Martin Wolf writes with the usual intelligence and clarity in the FT today (“Why G20 leaders will fail to deal with the big challenge”) --

“. . . next to no adjustment in underlying structural imbalances is occurring. In particular, the non-fiscal sectors of the three big surplus countries are expected to continue to run huge surpluses. The change – temporary, the surplus countries surely hope – is that domestic fiscal expansion is modestly offsetting the decline in demand coming from deficit countries with over-leveraged private sectors. But that decline in private demand is also offset by massive fiscal boosts in deficit countries.

This is not a path towards a durable exit from the crisis. It is a path on which the fiscal deficits needed to offset persistent current account deficits, and collapsing private spending in external deficit countries, continue indefinitely. Unless and until surplus countries recognize that this cannot continue, no durable escape from the crisis will be achieved. Understandably, but foolishly, they are unwilling to do so.

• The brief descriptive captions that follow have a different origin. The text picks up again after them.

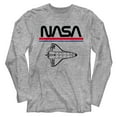 thumbnail image 1 of NASA Worm Logo And Shuttle Gray Heather Long Sleeve T-Shirt, 1 of 2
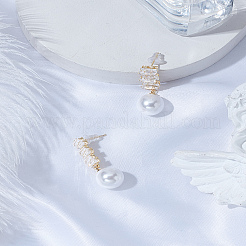 1 пара круглых серег-гвоздиков из латуни с микропаве из кубических цирконий для женщин&nbsp;EJEW-LP0003-64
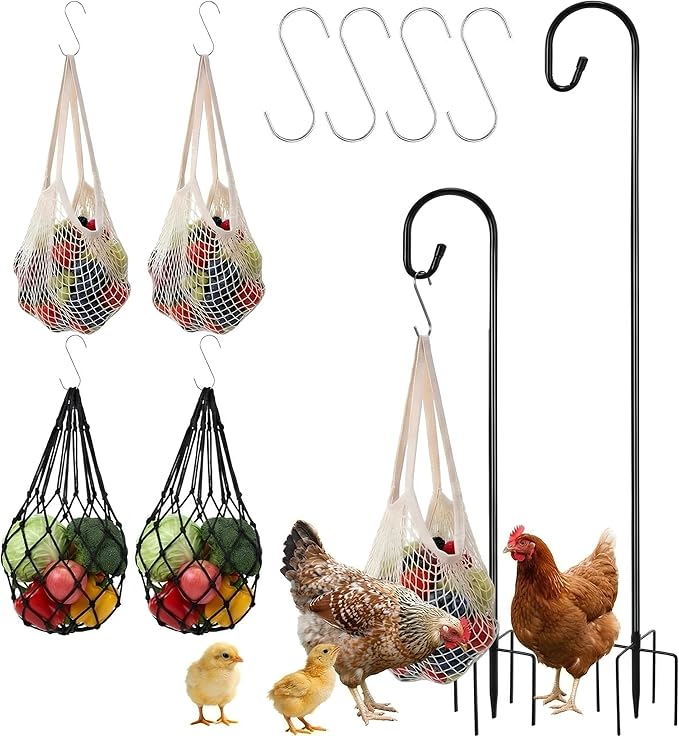 10 Pcs 2 Sets Hanging Chicken Feeder Chicken Coop Toys Accessories Include Dual Size Poultry Vegetable Fruits String Bag Heavy Duty Shepherd's Hook Veggie Treat Ball for Hen Goose Duck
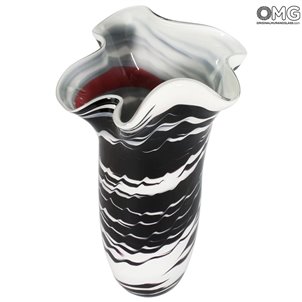 Jarrón Missoni - Blanco y negro - Cristal de Murano original OMG® black_and_white_high_missoni_vase_murano_glass_1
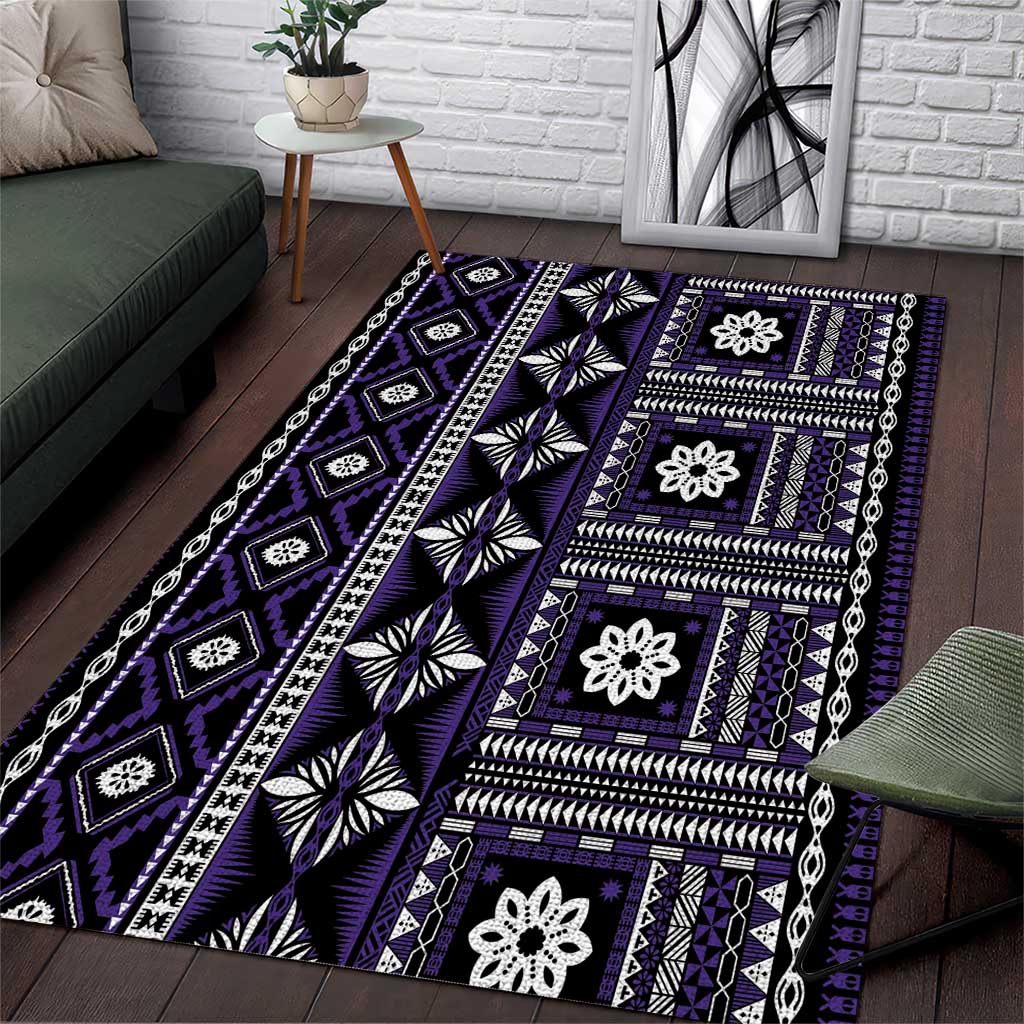 Fiji Masi Tapa Pattern Purple Area Rug LT01 Purple - Polynesian Pride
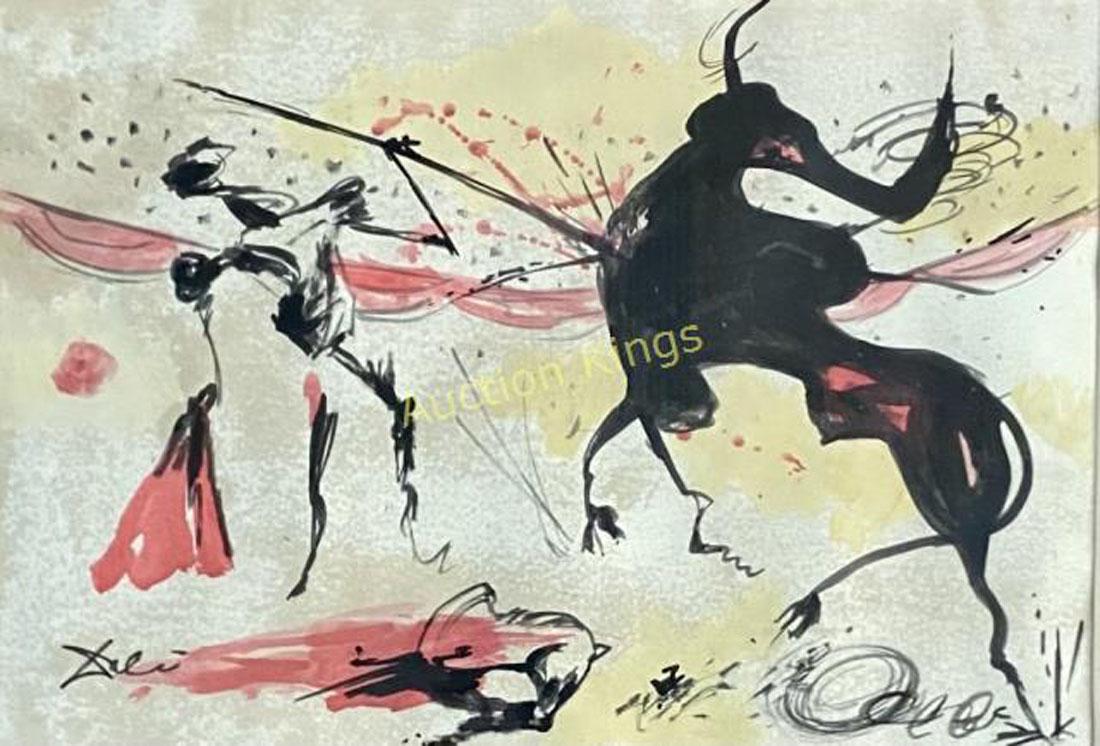 SALVADOR DALI FIGURATIVE MIXED MEDIA ON PAPER V$18,000: MEASUREMENTS: 21"HX27"W FRAMED, VERY GOOD CONDITION/"in the style of"Salvador Domingo Felipe Jacinto DalÃ­ i DomÃ¨nech, 1st Marquess of DalÃ­ of PÃºbol gcYC was a Spanish surrealist artist ren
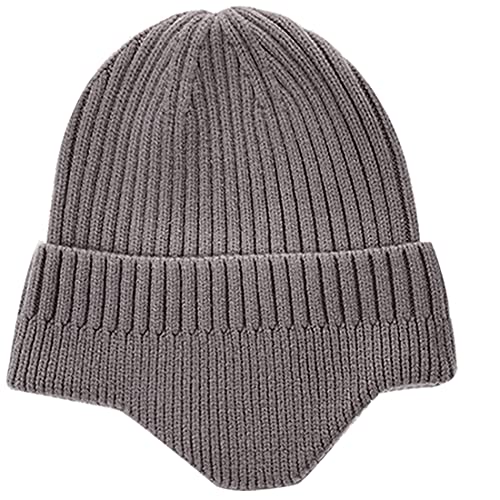 Gorro Hombre Invierno Gorras de Running para Hombres y Mujer Ropa para el Frio Extremo, Negro+Gris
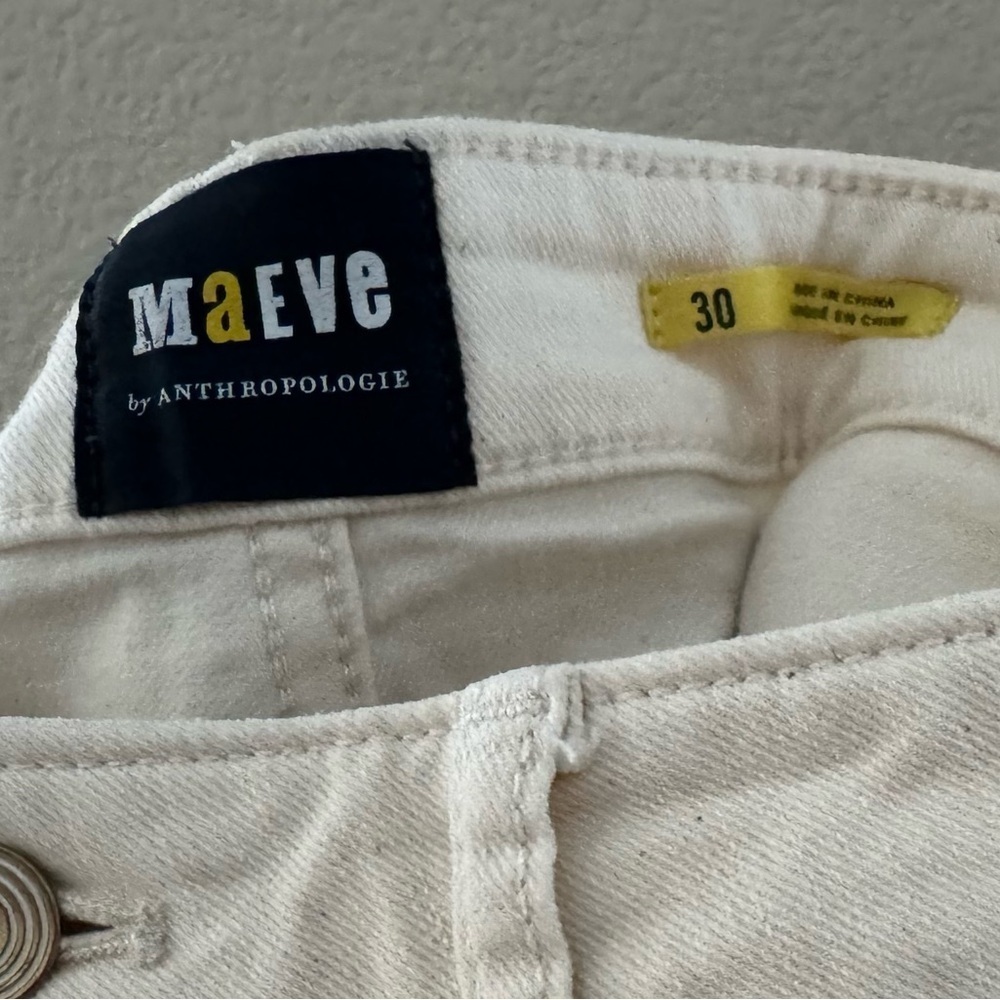 Maeve Jada Wide Leg Jeans Anthropologie 30 Cream Denim Casual Minimalist Classic - Picture 12 of 13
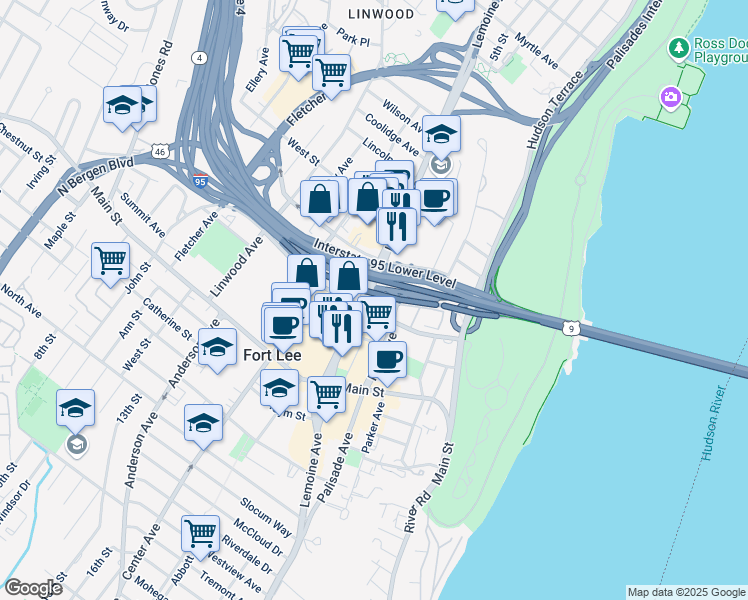 map of restaurants, bars, coffee shops, grocery stores, and more near in Fort Lee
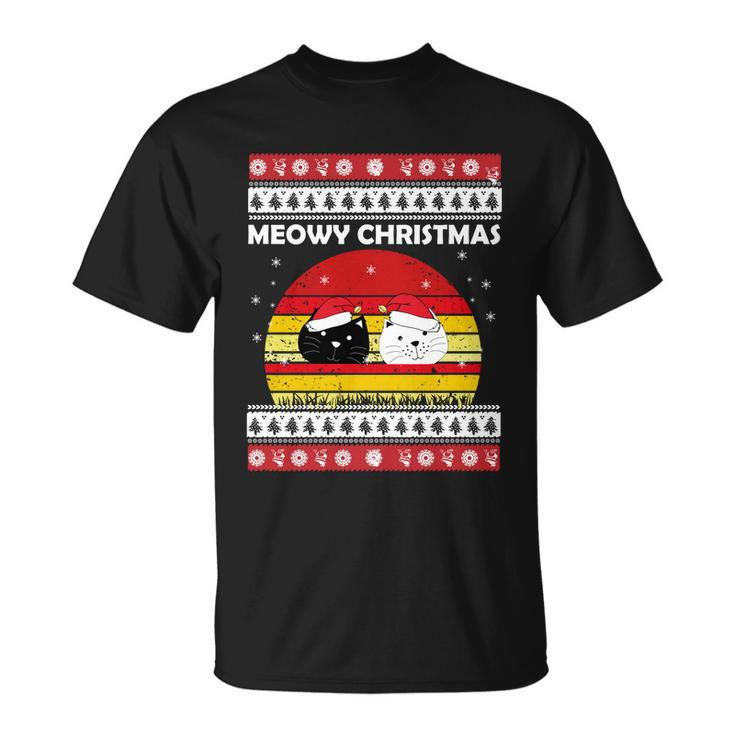 Meowy Cat Ugly Christmas Sweater Funny Gift Unisex T-Shirt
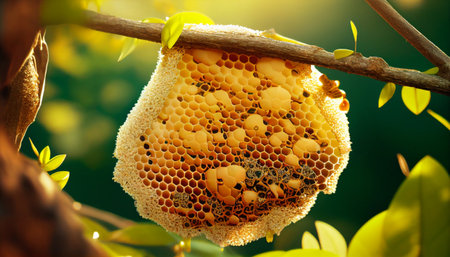 Honeycomb with honey on a tree branch. Selective focus. nature.の素材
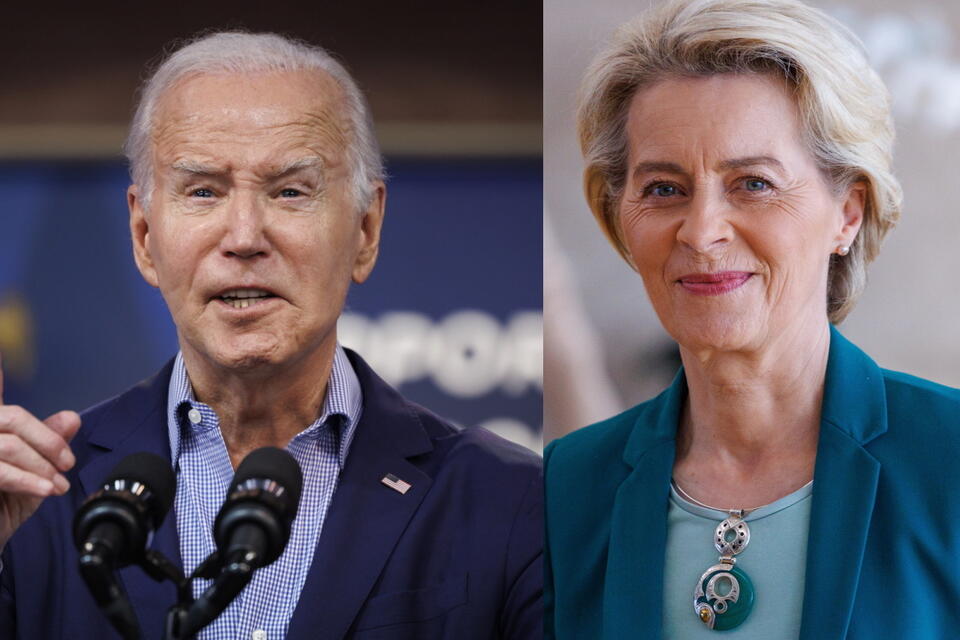 Joe Biden, Ursula von der Leyen  / autor: PAP/EPA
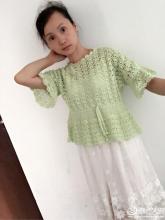 菠萝花裙摆的钩法图解 连肩短袖 裁剪图 半夏-连肩短袖裙摆钩衫 - 可参考此款结构织一件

So what is to be done? That must be a central agenda item of the next G20 summit. The world economy cannot be safely balanced by encouraging a relatively small number of countries to spend themselves into bankruptcy. The answer lies partly in changing the policies of surplus countries. But it lies as much in rethinking the international monetary system. . . . “


There is an answer in the existing international monetary system, let all currencies float freely in the market. The Fed and others have been conducting policy as if this were true. It isn’t. Any fair reading of the Japanese Yen and China’s Yuan against the dollar suggests manipulation on their part to keep their currencies cheap and the export orders flowing. For China to have spent the past decade selling yuan against the dollar despite a massively growing trade surplus to now complain that they own too much dollar debt and the U.S. should do something about it is ludicrous. They should reap the consequences of their policies.

Either the structural imbalance between the trade surplus nations and the trade deficit countries is allowed to resolve itself through freely floating exchange rates and international capital flows or it gets resolved by domestic policies that effectively do the same.

If the G-20 builds a new structure for the financial sector and fails to build new rules for foreign exchange and capital flows we can be sure that global trade imbalances will also collapse the next upturn. At that time the financial sector will present a new set of challenges that the to-be-adopted regulations will have missed and government will be too leveraged to step in and replace private credit.